A (not so) obvious workaround here is to not try to match from the very beginning of the "boot" message, e.g. above "ing Zephyr OS build" would work. But it's unclear how much number of garbled/cut bytes depends on particular hardware and other variables (like system load). It's also "not so obvious" because it doesn't happen all the time (on all hardware?), so it's easy to forget about this trick.

  1. The second issue is the opposite - I don't have a handy evidence, but for some time I'm growing suspicion that on some setups/under some circumstance ser2net vice-versa, caches old UART content, from the previous firmware run. I.e. some output gets cached, then new firmware programmed, then board resets, but the test gets the stale cached content first. It can be matched by a LAVA tests, forming either the false positive (it's old test succeeded, current may very well fail), or confuse the flow of the test, so the result is not reliable.

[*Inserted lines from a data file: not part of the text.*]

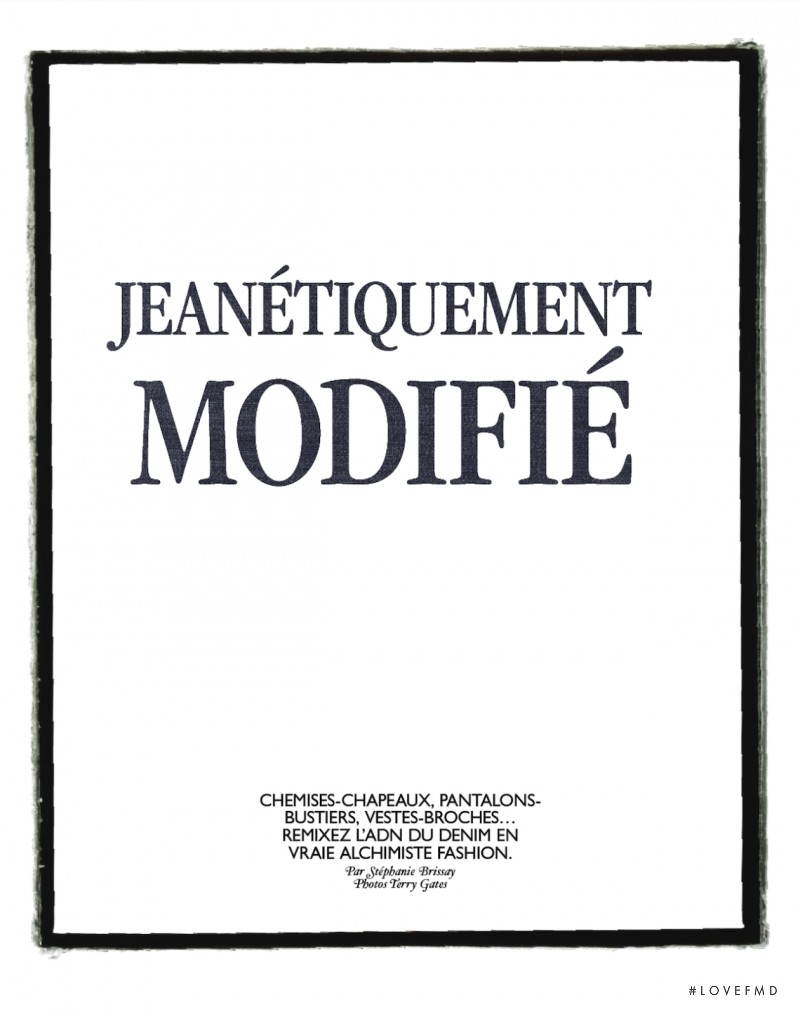 Jeanétiquement Modifié, November 2013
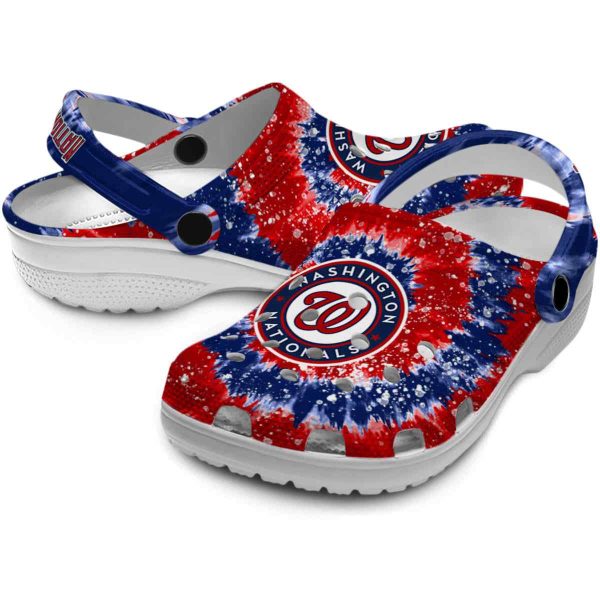 Washington Nationals Radiant Burst Effect Crocs Latest Model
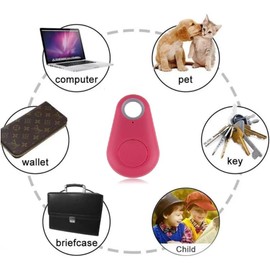 Wireless Bluetooth 4.0 Key Finder | Smart Wireless Anti Lost Key Tracker | Wireless Locator, and GPS Integration | Tracker for Kids Phone Car Wallet Luggage Pet children bags suitcases (Pink).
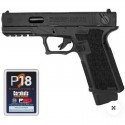 Poseidon PPW-P18 Evo2 Pistol GBB BK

This issue needs further investigation. An "obvious" workaround would be to require each test/sample to print its (unique) name, and match on that, but is that enforceable e.g. in Zephyr? And it definitely doesn't work with an arbitrary software out their (we can't patch everything for the deficiencies of our test infra).

pfalcon commented 3 years ago

@galak: I wonder, if you saw issues like that and can add/comment anything?

In all fairness, these issues are kinda baseline for testing. You first pose them, then provide good, reliable, robust answers, then there can be similarly robust automated testing. And I don't remember somebody talking and writing about it. Maybe it's just me, but then well, we have a chance to talk about these issues and intended solutions to them, make sure they're recorded properly (e.g. in wiki), and applied consistently and properly (and overall under scrutiny if something goes wrong).

pfalcon commented 3 years ago

The second issue is the opposite - I don't have a handy evidence, but for some time I'm growing suspicion that on some setups/under some circumstance ser2net vice-versa, caches old UART content

Ok, the foundation for this suspicion (besides belief that I cursorily saw false positives which can be attributed to it) is easy to reproduce: run telnet localhost 5001. You'll immediately get some output:

Trying 127.0.0.1...
Connected to localhost.
Escape character is '^]'.
*** Booting Zephyr OS build v2.4.0-rc1-55-g6fe1fde9dcb1  ***
Running test suite test_log_list
===================================================================
START - test_log_list
 PASS - test_log_list
===================================================================
START - test_log_list_multiple_items
 PASS - test_log_list_multiple_items
===================================================================
Test suite test_log_list succeeded
===================================================================
PROJECT EXECUTION SUCCESSFUL

I.e. ser2net caches some output, and then serves it at once when you connect.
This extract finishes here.